Between 1159 and 1162, Maestro Guglielmo carved the first monumental marble pulpit for the great Cathedral of Pisa. This work introduced an unprecedentedly extensive and immediately recognisable narrative programme which directly related to the sermons being preached from the pulpit. The cycle included a total of fourteen reliefs illustrating scenes from the Life of Christ including the Annunciation and Visitation and the Three Marys at the Tomb, the Last Supper, the Transfiguration and the Ascension. His design was enormously influential in the region of Tuscany during the mid-twelfth century and first half of the thirteenth century; for example, its classicising, rectangular, two-tier form with groups of protruding full-length figures crowned by an overhanging eagle and angel lecterns, clearly inspired the later pulpit designed by Guido Bigarelli (known as Guido da Como) for the church of San Bartolomeo in Pantano, Pistoia, which was installed between 1239 and 1250. Another sculptor, Fra Guglielmo, carved a pulpit for San Giovanni Fuorcivitas in Pistoia in 1270, which also drew upon the rectangular, double-tiered design of the earlier Maestro Guglielmo.
Around 1312 Maestro Guglielmo’s pulpit in Pisa Cathedral was replaced by Nicola Pisano’s polygonal design from 1260 and Maestro Guglielmo’s original was dismantled and sent to Cagliari in Sardinia, to adorn the Cathedral of Santa Maria. Here it was split up to form two pulpits with two lecterns, one representing an eagle and the other a trinity of angels (figs. 3a-b). The angels that appear on one of the pulpits in Sardinia, formerly of Pisa Cathedral, are identical to the present pair, making it highly likely that these also came from the original pulpit at Pisa, but were separated and removed in the process of its dismantling and transportation to Sardinia around 1312.

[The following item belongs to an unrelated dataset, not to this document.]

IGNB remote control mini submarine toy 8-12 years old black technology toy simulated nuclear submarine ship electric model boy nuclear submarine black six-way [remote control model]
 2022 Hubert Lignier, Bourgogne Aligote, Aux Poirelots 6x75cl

The primary function of the pulpit in the twelfth-century cathedral was as a platform from which to preach, and the chief role of the present pair of angels upon such a structure would have been to support the heavily bound Gospels and Epistles being read. The style of the present pulpit emerged during the rise of Scholasticism, which was developed in twelfth-century cathedral schools and attempted to synthesise the achievements of Christian and Classical learning. The pulpits represented some of the earliest visual manifestations of the movement, and created a synergy between the verbal and the visual forms of teaching and devotion practiced at the time. For example, whilst Scholastic teaching emphasised preaching in the vernacular tongue, as opposed to Latin, the visual imagery carved on the pulpits from which the sermons were delivered appears markedly more naturalistic, and represents a departure from the abstract forms and symbols of the previous age. In purely artistic terms, the beautifully designed pulpits and lecterns, originating from the mid-twelfth and early thirteen centuries, by the likes of Maestro Guglielmo, Nicola Pisano, Guido Bigarelli (Guido da Como), Fra Guglielmo and their respective circles, represent some of the finest and most important sculptural achievements in pre-Gothic Western art, and they laid the groundwork for the later classicising developments of the Renaissance.